Japanese fascism never a factor in WWII
By Jim Abts
In his commentary ("Fascism, not racism, triggered war," April 1), Victor Davis Hanson takes issue with actor Tom Hanks' assertion that the Pacific war was fought because "we viewed the Japanese as 'yellow, slant-eyed dogs' that believed in different gods. They were out to kill us because our way of living was different. We in turn, wanted to annihilate them because they were different."
While Hanks' remark, which Hanson characterized as "ahistorical," is ludicrous in itself, Hanks was right that we viewed the Japanese that way. But it was an attitude, not a raison d'etre for war, one that contributed in large measure to our miscalculations about Japanese capabilities and intentions.

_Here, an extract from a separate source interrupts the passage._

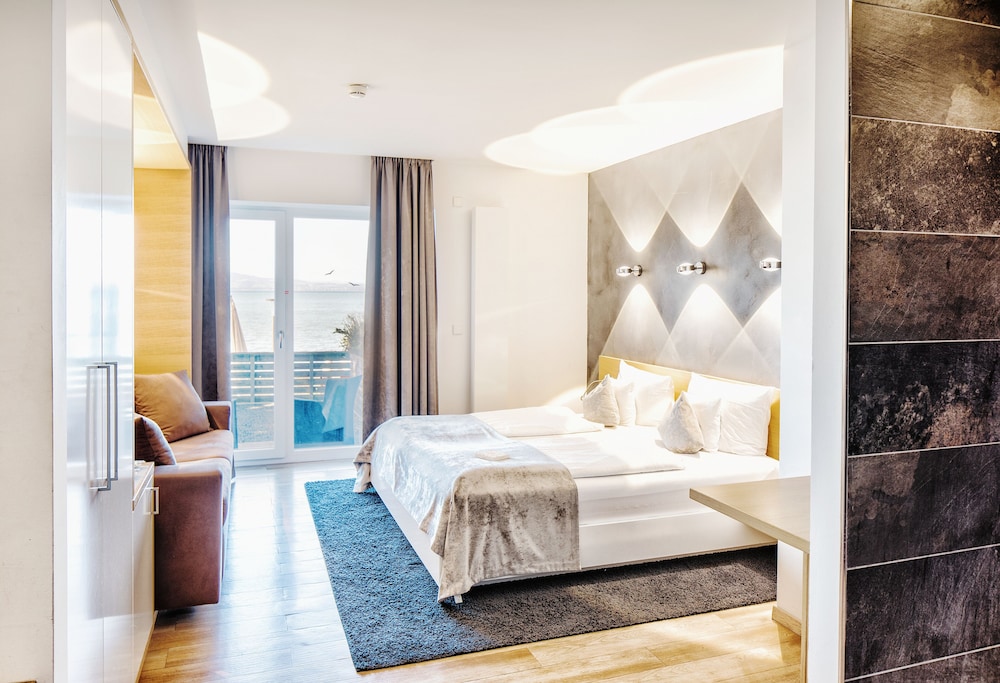 Superior Double Room, Partial Lake View photo 2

Hanks might be forgiven for his ignorance; he wasn't around then and is an actor, not a historian. Hanson wasn't around then either, but as a historian he can't be forgiven for his equally ahistorical conclusion that the Pacific war "was about ending an expansionary Japanese fascism that sought to destroy all democratic obstacles in its path."
In the first place, if there is any consensus among political scientists about the meaning of fascism, there is even less agreement that it applied to prewar Japan.
But in spite of its ambiguity — or because of it — Hanson and like-minded neoconservatives find the term ideologically useful in conjuring up recollections of Nazi aggression in order to warn us of the dire consequences of appeasement and to proclaim the inerrancy of military preemption.
But it wasn't the reason we went to war with Japan. After all, Japan had been expanding into Manchuria and China since 1931 without a military response from the United States.
Secondly, when Hanson instructs us that "... Japanese fascism sought to destroy all democratic obstacles in its path," one can only wonder what democratic obstacles Hanson had in mind, since there was not a single democratic entity in Asia in 1941; only British, German, French, Russian and Dutch colonies and what remained of Chiang Kai-shek's China, which he governed with dictatorial powers.
In the end, fascism and democratic obstacles had nothing to do with the Pacific war. It was about retaliation for Bataan, Corregidor and Pearl Harbor, and the absolute destruction of Japan's capacity to ever again threaten the integrity of the United States and China.
To suggest that restoring the old European colonial holdings in Asia was on the minds of the Marines who fought their way up the slopes of Mount Suribachi or was the objective of the soldiers who slogged through the mangrove swamps of New Guinea is about as ahistorical as you can get.